Someone asks - "Of What possible use are your researches on electricity?"
Franklin replies - "Of What possible use is a newborn baby?"
That NY Times magazine link that was discussed a few pages ago said that UT has a little application that takes 14 variables about a new freshman (SATs, high school GPA, parental income, and some other stuff) and spits out a probablility that the student will graduate. (I suppose someone did a logistic regression on student data from earlier years.) So I don’t think it’s either controversial or surprising that a college would have info about which students are least likely to graduate.
Well, I think Arcidiacono et al. are trying to go a little deeper than this.
Regardless, I personally don’t think this paper is very interesting, and I regret spending the time reading it. I was really just responding to comments about the paper that you directed towards me.
Something like the expanded calculator linked to from the bottom of http://www.heri.ucla.edu/GradRateCalculator.php ?
But once those least likely were identified, programs were established to turn this around and increase their grad chances, “to take large numbers of highly motivated working-class teenagers and give them the tools they need to become successful professionals.”
@Fredjan - of course it gives SOME regard to academic achievement. But you don’t get the academically highest achieving 7% by taking 7% from every school. You don’t even get the highest achieving URMs, because they could be in the slightly lower percentiles at very strong urban schools.

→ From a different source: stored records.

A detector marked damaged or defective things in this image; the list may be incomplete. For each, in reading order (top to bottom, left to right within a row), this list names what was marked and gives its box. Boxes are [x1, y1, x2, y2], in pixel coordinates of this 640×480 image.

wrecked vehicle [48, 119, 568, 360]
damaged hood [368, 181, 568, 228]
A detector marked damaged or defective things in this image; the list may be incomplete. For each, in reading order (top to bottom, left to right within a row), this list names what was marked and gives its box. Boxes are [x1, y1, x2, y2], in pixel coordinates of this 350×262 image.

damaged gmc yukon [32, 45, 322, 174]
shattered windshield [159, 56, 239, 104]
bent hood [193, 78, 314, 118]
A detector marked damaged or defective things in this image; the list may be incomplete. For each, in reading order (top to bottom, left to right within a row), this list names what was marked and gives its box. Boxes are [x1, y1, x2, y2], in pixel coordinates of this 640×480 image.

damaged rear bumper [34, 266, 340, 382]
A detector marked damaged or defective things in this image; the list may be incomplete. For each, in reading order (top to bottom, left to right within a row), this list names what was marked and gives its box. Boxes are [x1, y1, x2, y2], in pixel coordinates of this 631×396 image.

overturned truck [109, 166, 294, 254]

But you do get representation from every state legislative district, which is probably an important factor in how the state universities in Texas manage their political relationships with members of the state legislature.
Sorry for steering you to that article, @al2simon.

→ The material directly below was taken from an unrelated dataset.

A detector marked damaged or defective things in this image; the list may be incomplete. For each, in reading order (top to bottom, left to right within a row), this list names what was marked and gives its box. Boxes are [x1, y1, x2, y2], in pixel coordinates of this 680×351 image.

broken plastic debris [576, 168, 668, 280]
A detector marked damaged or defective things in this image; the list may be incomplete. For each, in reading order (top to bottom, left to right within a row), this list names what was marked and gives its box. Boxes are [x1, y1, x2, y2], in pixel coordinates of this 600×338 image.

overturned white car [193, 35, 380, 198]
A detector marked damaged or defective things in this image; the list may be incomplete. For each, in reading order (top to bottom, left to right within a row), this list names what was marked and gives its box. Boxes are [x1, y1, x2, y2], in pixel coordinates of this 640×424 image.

It seems to me that whether the mismatch theory is true and whether affirmative action ought to be continued are orthogonal. Suppose mismatch theory is right: it could still be the case that affirmative action is good policy. Maybe the benefits to the affirmative action students who succeed, and to the rest of the students, and to society, outweigh the disadvantages to the other affirmative action students who freely chose to attend the university.
But it is also clearly the case that if a selective university knows that certain identifiable students are unlikely to succeed without help, it should provide the help.